Il Pd e la corruzione nei lavori pubblici

Orsoni parlerà oggi, finalmente. Intanto la Tangentopoli lagunare si allarga, bagna i piedi a politici nazionali importanti, rafforza nell’opinione pubblica l’immagine di una classe politica irredimibile. Anche se, a ben guardare, i particolari più sorprendenti dell’inchiesta veneziana non sono neanche quelli che riguardano i politici, bensì quelli sui funzionari della tecnostruttura coinvolta nel progetto Mose e degli enti preposti al controllo: gli organismi di vigilanza parte attiva del sistema corruttivo.
In questo senso ha ragione Matteo Renzi: le regole ci sono, il problema sono le persone. E stavolta – differentemente da quanto si sa sulle tangenti Expo – ci sono persone direttamente o indirettamente riferibili al Pd tra i sospettati di «alto tradimento» (per usare la terminologia renziana).

Concesso a Orsoni come a chiunque il beneficio del dubbio, il Pd non ha atteso le spiegazioni dell’ex sindaco. Conta poco che lui non sia propriamente uno del Pd: l’analogia con Genovese fatta ieri dal ministro Boschi equivale a una condanna politica, prima che proceda l’inchiesta giudiziaria.
La vittoria elettorale europea, arrivata in quelle dimensioni pochi giorni dopo l’esplosione dello scandalo Expo, è stata interpretata anche come la prova che Renzi ha un bonus da spendersi con gli italiani sul terreno dell’onestà e della trasparenza. È verosimile che anche dopo Venezia possa reggere la sua tesi di fondo: e cioè che lui e il suo gruppo dirigente sono un “dopo” arrivato esattamente a rovesciare un fangoso “prima”.
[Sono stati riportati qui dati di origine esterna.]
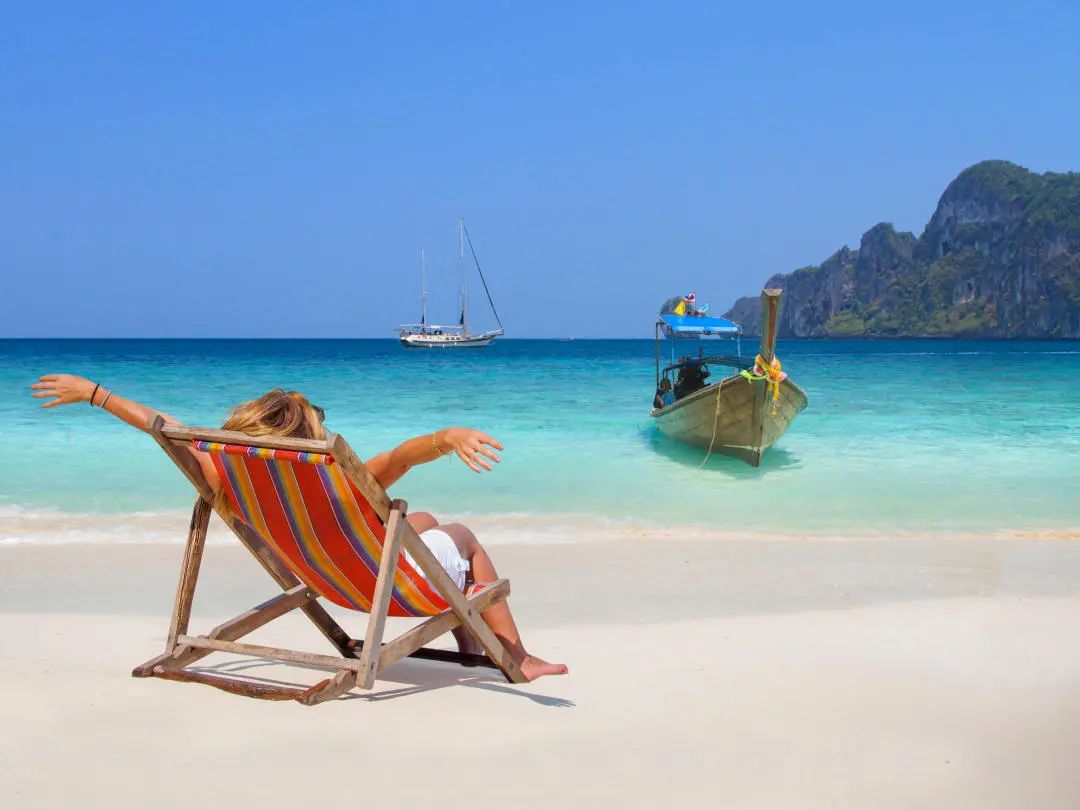 几点的太阳最补钙(补钙太阳怎么晒)-硒宝网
I fatti e i comportamenti suffragano la tesi. L’affidamento a una persona di assoluta eccellenza come Raffaele Cantone, e le preannunciate misure mirate ad abolire le procedure d’emergenza per gli appalti, rafforzano il messaggio.
Tutti però sappiamo qual è il problema: la corruzione è una malapianta con radici profonde nel sistema dei lavori pubblici. E il Pd, con tutto il rispetto per la figura dei sindaci tanto cara al presidente del consiglio, è partito di governo ormai dappertutto, a ogni livello, parte integrante e spesso dominante proprio di quell’establishment che Renzi ha promesso di rovesciare perché lo ritiene terreno di coltura di inefficienza, di opacità, al limite di illegalità.
Allora quanti altri esami, magari più difficili di quello veneziano, dovrà superare il premier-segretario per preservare il proprio prezioso patrimonio di credibilità personale e politica?